As we mentioned before, linear regression is good for prediction problems. Logistic regression, is good for classification problems. In this example, we do only binary classification.

Problem: given any input, classify it into label 0 or label 1.

Logistic Regression for Binary Classification

In order to fit the nature of the binary classification training data, we design this S curve as a probability equation:

p = 1/(1+exp(-(ax+b)))

So p’s value range is always from 0 to 1.

We also need to design a Cost Function, which calculates the error between the prediction value y_hat and label value y.

Cost Function:

When y = 1, C =-log(y_hat)

When y = 0, C =-log(1-y_hat)

Then we need to calculate the partial derivatives of C on a and b.

When y = 1,

  • dC/da = -x/(1+exp(ax+b))
  • dC/db = -1/(1+exp(ax+b))

When y = 0,

  • dC/da = x*exp(ax+b)/(1+exp(ax+b))
  • dC/db = exp(ax+b)/(1+exp(ax+b))

You need to really try to calculate these partial derivatives carefully step by step. It took me half an hour to figure them out correctly on paper. I also asked a very experienced machine learning engineer, who didn’t get through it.

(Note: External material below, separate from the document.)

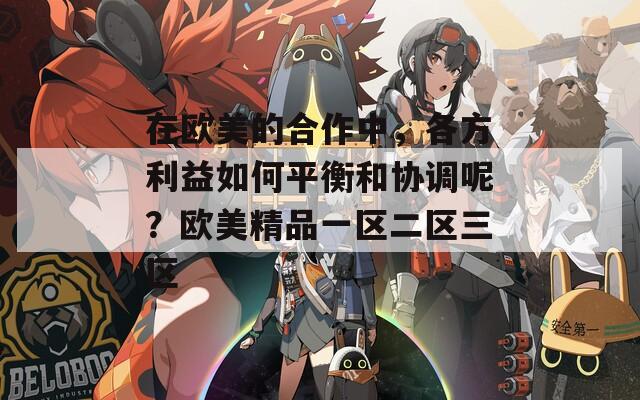在欧美的合作中，各方利益如何平衡和协调呢？欧美精品一区二区三区  第1张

The example implementation is in C++. I tried to find a similar simple logistic regression example using C++ but failed to find it.

This example could be the simplest C++ logistic regression with 50 lines of code, which is really easy to understand. It serves the purpose of learning or getting through a white-board coding question.

Note that, for simplicity, I didn’t add regularization to it.

double getElementLogisticCost(double &x, int &y, double &a, double &b)

{

double p = 1/(1+ exp(-(a*x+b)));

if(y==1)

{

return -log(p);

}

else

{

return -log(1-p);

}

}

// slope:a

// intercept:b

// derivative of slope: da

// derivative of intercept: db

double getLogisticCost(vector<double> &x, vector<int> &y, double a, double b, double &da, double &db)

{

int n = static_cast<int>(x.size());

double cost=0;

da = 0;

db = 0;

for(int i = 0; i<n;i++)

{

cost += getElementLogisticCost(x[i], y[i], a, b);

double eaxb = exp(a*x[i]+b);

if(y[i]==1)

{

da += -x[i]/(1+eaxb);

db += -1/(1+eaxb);

}

else

{

da += x[i]*eaxb/(1+eaxb);

db += eaxb/(1+eaxb);

}

}

cost /= n;

da /= n;

db /=n;

return cost;

}

void logisticRegression(vector<double> &x, vector<int> &y, double slope = 1, double intercept = 0)

{

double lrate = 0.0005;

double threshold = 0.001;

int iter = 0;

while(true)

{

double da = 0;

double db = 0;

double cost = getLogisticCost(x, y, slope, intercept, da, db);

if(iter%1000==0)

{

cout<<”Iter: “<<iter<< “ cost = “<<cost<< “ da = “ << da << “ db = “<<db<< endl;

}

iter++;

if(abs(da) < threshold && abs(db) < threshold)

{

cout<<”p = 1/(1+exp(-(“<<slope<<” * x + “<<intercept<<”)))”<<endl;

break;

}

slope -= lrate* da;

intercept -= lrate * db;

}

}

int main() {

vector<double> A;

vector<int> B;

// create a dataset with inputs and labels

// for values [0, 20), assign label 0

// for values [80,100) assign label 1

for(int i =0;i<1000;i++)

{

A.push_back(rand()%20);

B.push_back(0);

A.push_back(80+rand()%20);

B.push_back(1);

}

// kick off our simple logisticRegression!

logisticRegression(A, B);

return 0;

}

Terminal Outputs:

Iter: 270000 cost = 0.0143038 da = -0.000199134 db = 0.0102486

Iter: 271000 cost = 0.0142515 da = -0.000198411 db = 0.0102109

Iter: 272000 cost = 0.0141995 da = -0.000197693 db = 0.0101734

Iter: 273000 cost = 0.0141479 da = -0.00019698 db = 0.0101362

Iter: 274000 cost = 0.0140967 da = -0.000196272 db = 0.0100992

Iter: 275000 cost = 0.0140459 da = -0.000195569 db = 0.0100626

Iter: 276000 cost = 0.0139954 da = -0.000194872 db = 0.0100261

p = 1/(1+exp(-(0.122318 * x + -5.1481)))

--

--